HEC-ResSim and the HEC-WQ Engine have the ability to perform calculations with either English or SI unit system inputs for many of the hydrological and water quality input variables. However, the equations detailed in this document will only use the SI system, for consistency. The main reason for this is the widespread usage of SI units for the concentration of material in water (mg/L). The ERDC-EL libraries for calculating heat fluxes and nutrient transformations also accept only SI unit inputs and do all calculations natively in SI.
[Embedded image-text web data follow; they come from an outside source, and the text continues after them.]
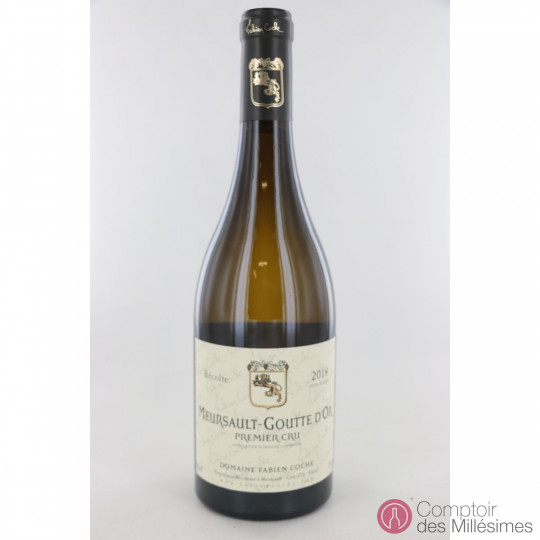 Meursault 1er Cru Goutte d'Or 2018 - Fabien Coche Meursault 1er Cru Goutte d'Or 2018 - Fabien Coche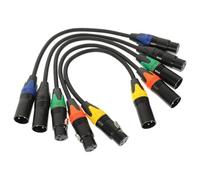 BESTYASH 5 Pezzi Cavo Microfono Xlr Maschio Femmina per Palco e Studio | Rame Raffinato, Rivestimento PVC Intrecciato, Gestione Ordinata dei Cavi, per Mixer, Altoparlanti Pa e Colore Casuale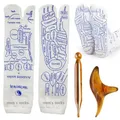Fußreflexzonen Socken,Reflexzonen Socken with Acupressure Pen,Fußreflexzonenmassage,Durchblutungs-stimulator Beine,für den Einsatz zur Verbesserung (L)
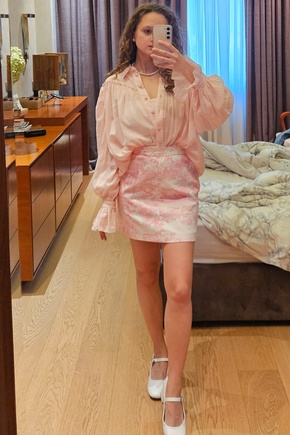 Потрясающая нежная блуза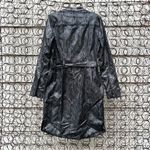 White House | Black Market Animal-Print Foil Shirt Dress Silver Black Snake Size 6 Photo 2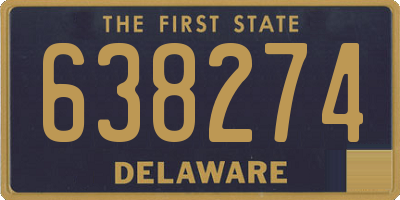 DE license plate 638274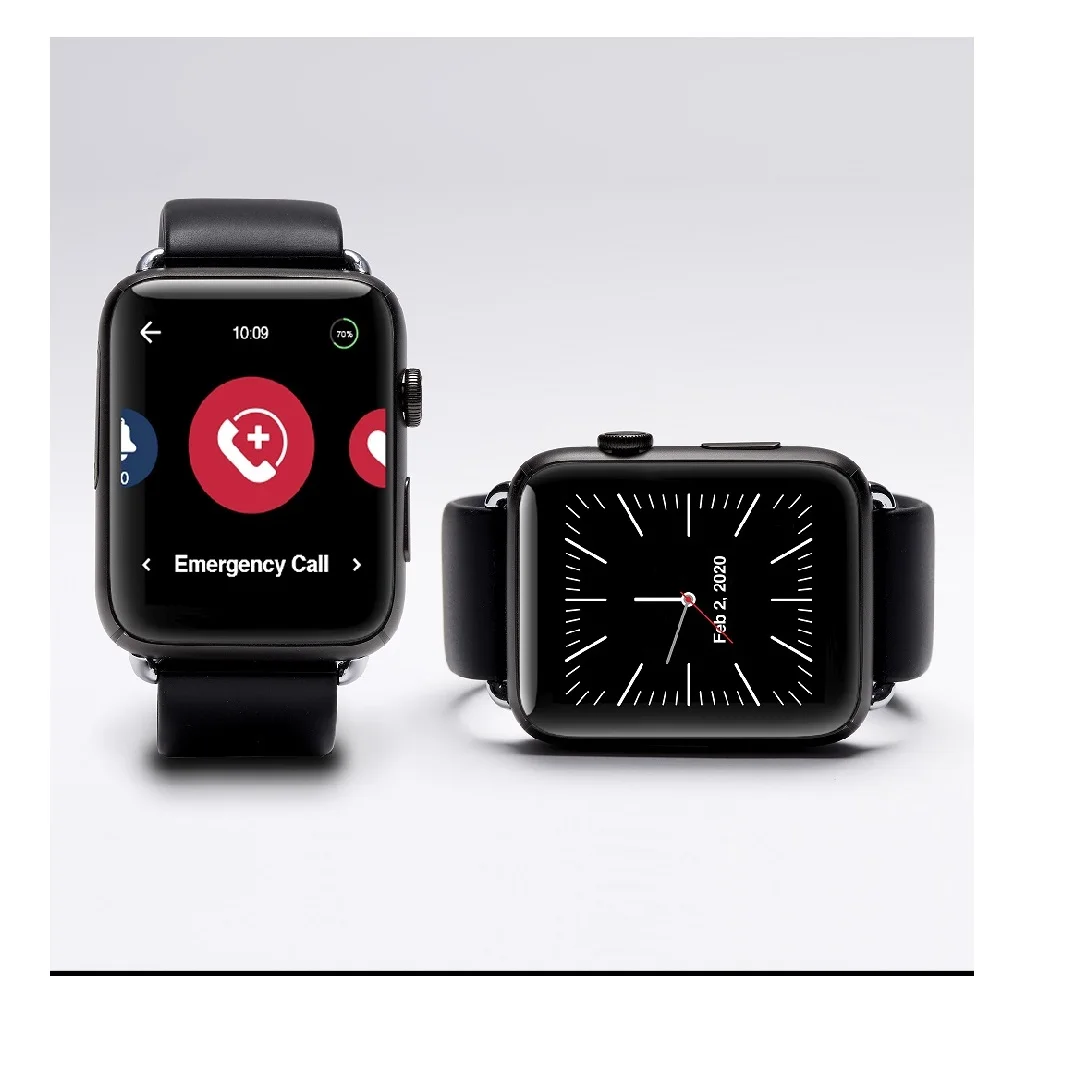 Sleek Modern Design WellBe Emergency Alert Smart Watch Health Assistant Device Remote Monitoring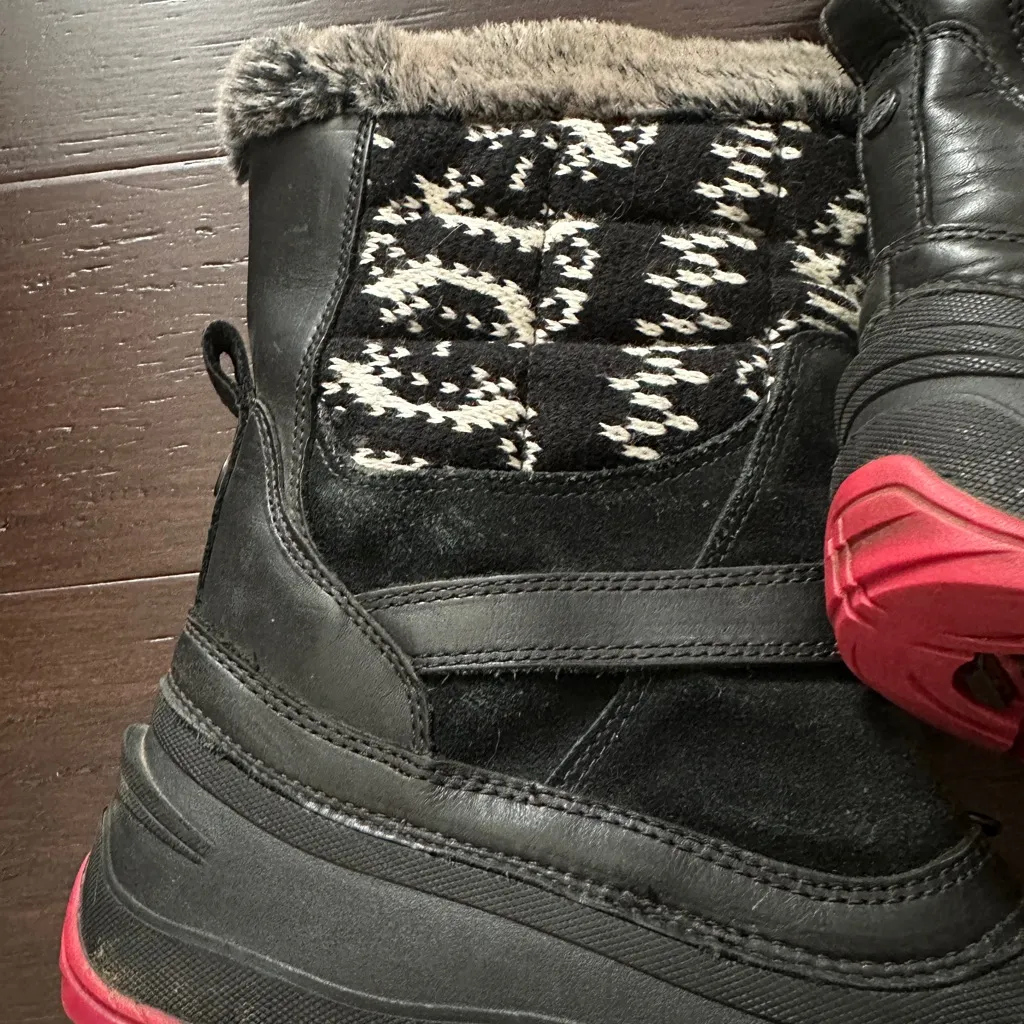 The North Face Insulated Winter Snow Boots Faux Fur Trim Women’s Size 8 - Image 11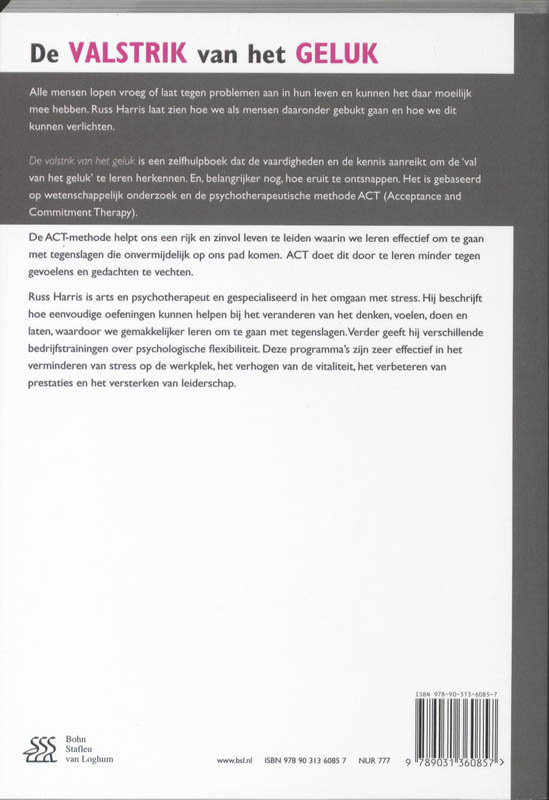 Achterkant van De valstrik van het geluk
Water Quality Nomenclature

Many of the terms denoting components of water quality modeling in HEC-ResSim and the WQ Engine will be familiar to water quality modelers (e.g., initial conditions, boundary conditions). However, some of the terms used in this manual (and in HEC-ResSim) are less commonly used, and have been chosen to provide clarity and eliminate overlap with pre-existing ResSim computational components. Specifically, what are commonly referred to as water quality state variables (e.g., water temperature, dissolved oxygen, nutrient concentrations) are referred to here as water quality constituents. The name given to a calibration coefficient that can be varied within certain bounds to calibrate the model (e.g., a rate coefficient for nutrient transformation) is a water quality parameter. The definitions of these less commonly used terms are emphasized when first mentioned in the text, and the appendix Glossary of Water Quality Terms provides definitions for quick reference.

Technical Manual Setup

The remainder of the Introduction provides information about the general capabilities and limitations of the model. The second section provides information about the required input datasets. The third section describes the equations and algorithms used for transport of water quality within reservoirs, and the fourth section describes transport within stream reaches. These are followed by a description of methods used in reservoir operations for water quality. The final sections document the heat budget and nutrient transformation equations used in the ERDC-EL libraries, and the results of some verification and validation simulations.